Sasha, are there instructions like this for Desktop for the line of credit? I use Enterprise Desktop. Thank you.
Thanks for getting back to us here in the Community, @jghareeb777. I know that the process of recording the line of credit in QuickBooks can be a little tricky. That's why I'm here to share further details about this.
For the time being, there aren't specific instructions for QuickBooks Desktop (QBDT) in setting up and tracking a line of credit. Though the article is for QuickBooks Online (QBO), the idea of how you can do it is also applicable in QBDT.
You'll have to start by setting up two accounts (if you haven't already). One is for tracking the principle, and the other is an expense account for incurred interest. Then, you can refer to this article for the complete guide: Set up and track a line of credit in QuickBooks Online.

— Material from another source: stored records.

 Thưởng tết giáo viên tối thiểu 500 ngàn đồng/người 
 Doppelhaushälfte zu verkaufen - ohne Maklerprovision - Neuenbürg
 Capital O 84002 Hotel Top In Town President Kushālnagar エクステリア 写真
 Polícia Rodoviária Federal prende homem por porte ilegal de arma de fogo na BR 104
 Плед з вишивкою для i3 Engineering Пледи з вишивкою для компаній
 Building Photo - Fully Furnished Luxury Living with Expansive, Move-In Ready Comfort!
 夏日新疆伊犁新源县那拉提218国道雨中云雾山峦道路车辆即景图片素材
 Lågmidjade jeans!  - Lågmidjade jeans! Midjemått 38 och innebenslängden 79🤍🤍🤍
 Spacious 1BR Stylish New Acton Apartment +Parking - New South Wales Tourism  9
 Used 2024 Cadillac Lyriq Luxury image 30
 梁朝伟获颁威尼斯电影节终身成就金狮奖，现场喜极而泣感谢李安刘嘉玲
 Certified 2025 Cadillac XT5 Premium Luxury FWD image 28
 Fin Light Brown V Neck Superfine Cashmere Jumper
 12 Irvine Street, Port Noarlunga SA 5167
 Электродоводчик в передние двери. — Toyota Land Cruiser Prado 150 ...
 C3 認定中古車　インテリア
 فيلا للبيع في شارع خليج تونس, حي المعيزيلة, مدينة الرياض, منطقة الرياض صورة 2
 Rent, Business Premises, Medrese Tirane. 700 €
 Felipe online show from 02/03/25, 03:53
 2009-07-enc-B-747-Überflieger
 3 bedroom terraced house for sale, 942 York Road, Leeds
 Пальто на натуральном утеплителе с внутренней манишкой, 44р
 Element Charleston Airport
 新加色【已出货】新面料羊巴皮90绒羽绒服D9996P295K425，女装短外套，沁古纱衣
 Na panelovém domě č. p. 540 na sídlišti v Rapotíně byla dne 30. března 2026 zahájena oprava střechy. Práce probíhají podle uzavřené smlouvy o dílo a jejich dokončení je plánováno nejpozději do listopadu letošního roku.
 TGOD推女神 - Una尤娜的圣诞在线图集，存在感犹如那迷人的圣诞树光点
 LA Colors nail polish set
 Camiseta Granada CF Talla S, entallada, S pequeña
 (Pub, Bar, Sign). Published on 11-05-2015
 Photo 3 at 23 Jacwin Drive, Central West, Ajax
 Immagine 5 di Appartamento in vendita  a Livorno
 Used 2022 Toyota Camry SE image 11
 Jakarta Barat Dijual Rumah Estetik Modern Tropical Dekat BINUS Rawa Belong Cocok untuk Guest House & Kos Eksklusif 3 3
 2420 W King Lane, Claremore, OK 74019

Then, I would encourage you to consult with an accountant to further guide you in keeping your financial data accurate.
Also, to learn more about managing your financial data and the growth of your business using QBDT, I'd recommend checking out one of our websites: QuickBooks Help Articles. It includes topics about account management, banking, and expenses and vendors, to name a few.
Please keep me posted in the comments if you have other concerns about recording a line of credit and questions about managing transactions in QBDT. I'm always ready to help. Take care, and I wish you continued success, @jghareeb777.
I cant understand when I do the journal entry-is it after I categorized all my floorplans into liabilities. My boss' accountant is no help he be-littles me for not understadning this, I am not a stupid person. I just need help when to do it.